(Exercise prompt) Your answer should be the full data, transcribed exactly, with no pictures in it.

--- Data to use ---

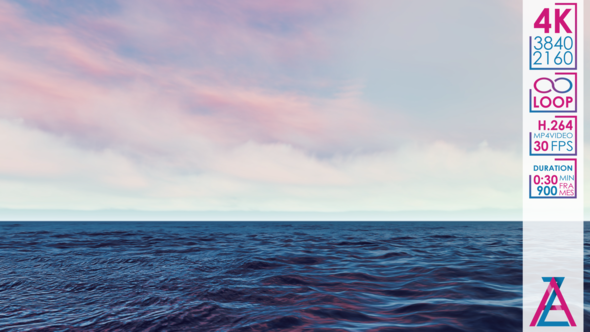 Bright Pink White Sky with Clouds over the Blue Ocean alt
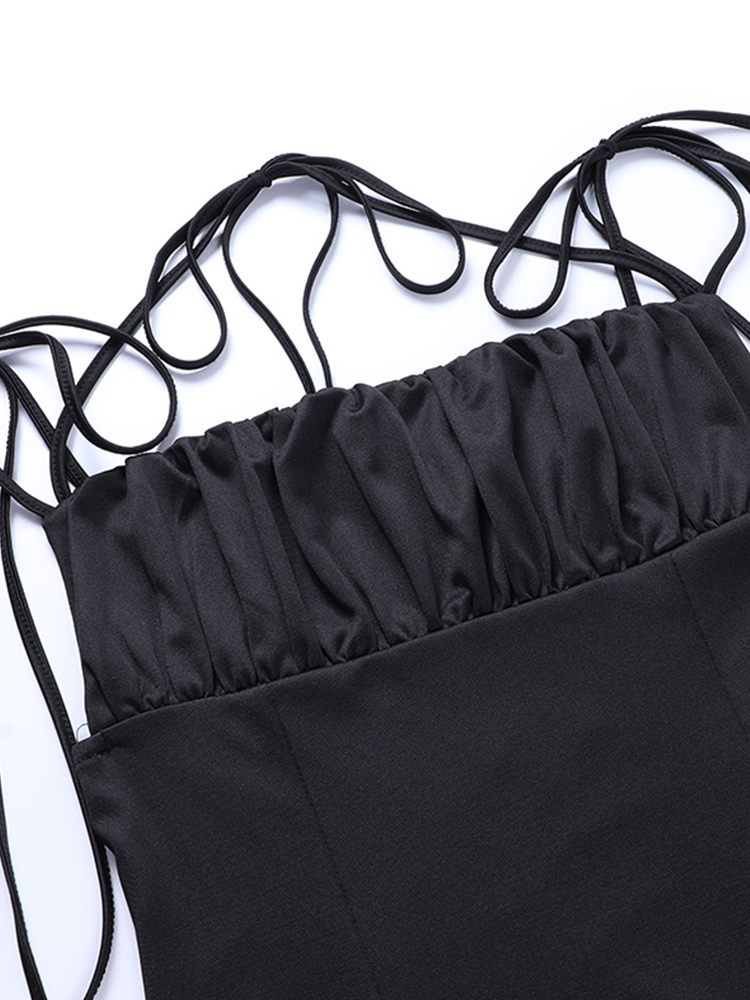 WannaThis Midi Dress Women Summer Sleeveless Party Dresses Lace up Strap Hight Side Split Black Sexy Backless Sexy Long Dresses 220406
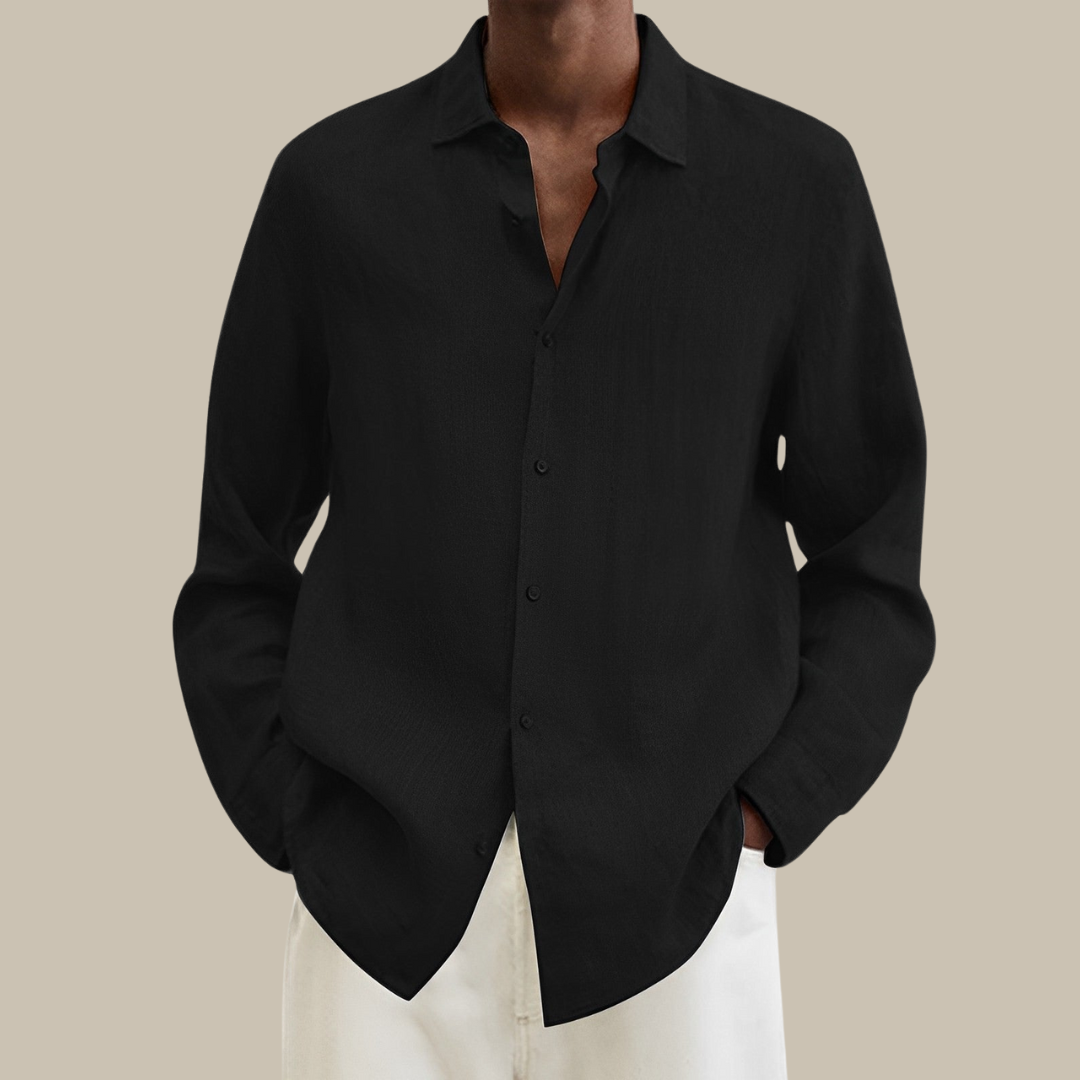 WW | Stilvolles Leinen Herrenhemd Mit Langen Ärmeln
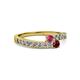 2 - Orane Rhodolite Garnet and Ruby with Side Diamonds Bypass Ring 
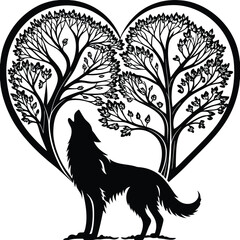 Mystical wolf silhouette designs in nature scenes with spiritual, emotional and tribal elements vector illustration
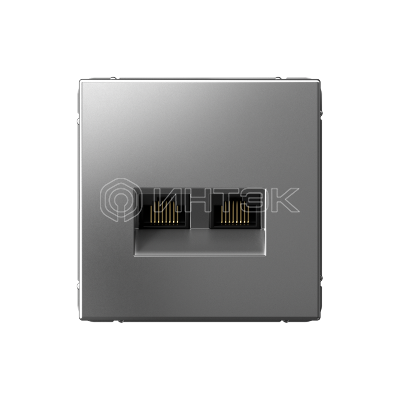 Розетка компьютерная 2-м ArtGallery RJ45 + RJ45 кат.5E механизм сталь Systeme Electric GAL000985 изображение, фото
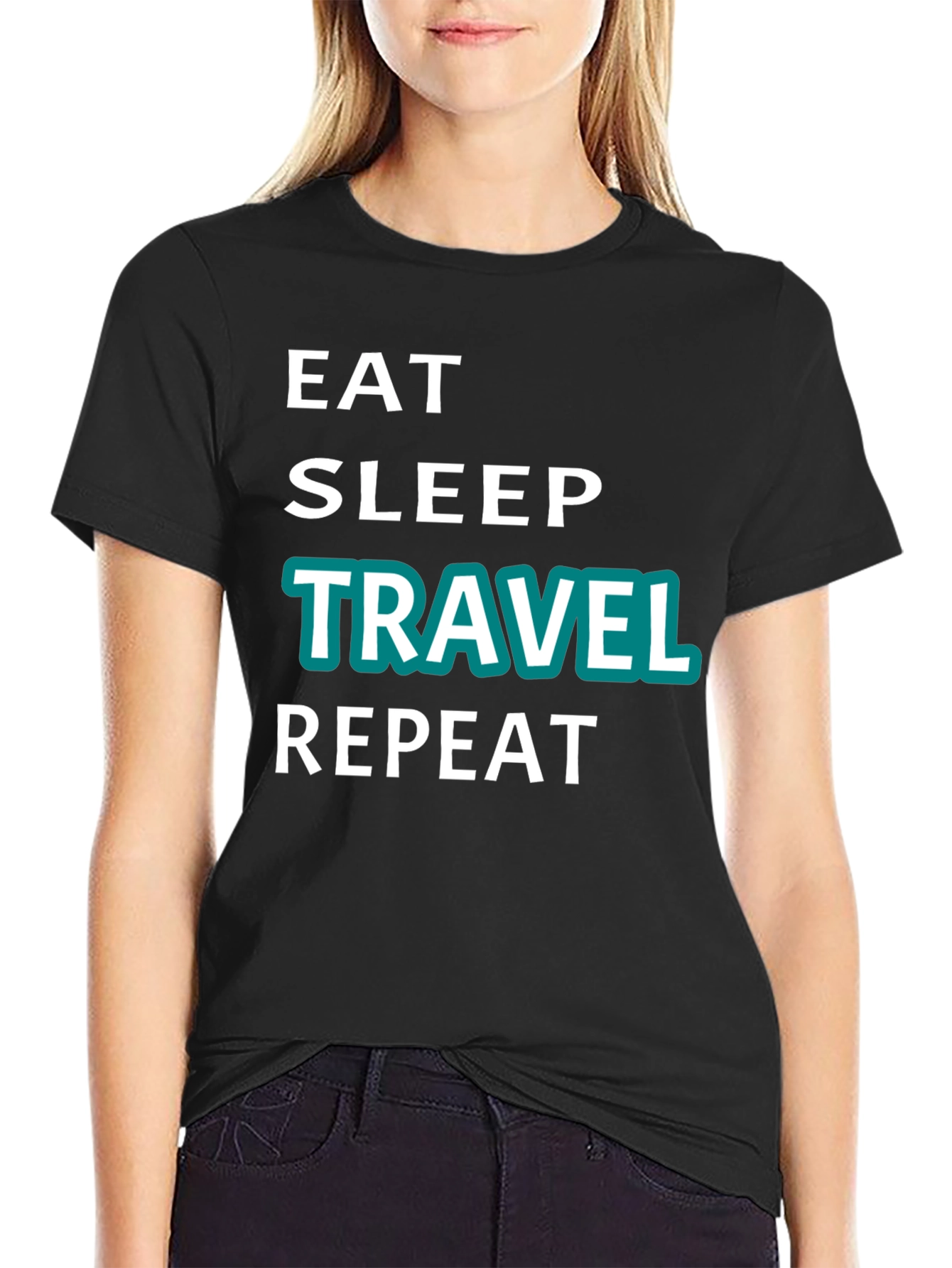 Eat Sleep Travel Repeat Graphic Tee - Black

---

(Answer for the task)
 Bright Pink White Sky with Clouds over the Blue Ocean alt
 WannaThis Midi Dress Women Summer Sleeveless Party Dresses Lace up Strap Hight Side Split Black Sexy Backless Sexy Long Dresses 220406
 WW | Stilvolles Leinen Herrenhemd Mit Langen Ärmeln
 2 - Orane Rhodolite Garnet and Ruby with Side Diamonds Bypass Ring 
 Mystical wolf silhouette designs in nature scenes with spiritual, emotional and tribal elements vector illustration
 Розетка компьютерная 2-м ArtGallery RJ45 + RJ45 кат.5E механизм сталь Systeme Electric GAL000985 изображение, фото
 Eat Sleep Travel Repeat Graphic Tee - Black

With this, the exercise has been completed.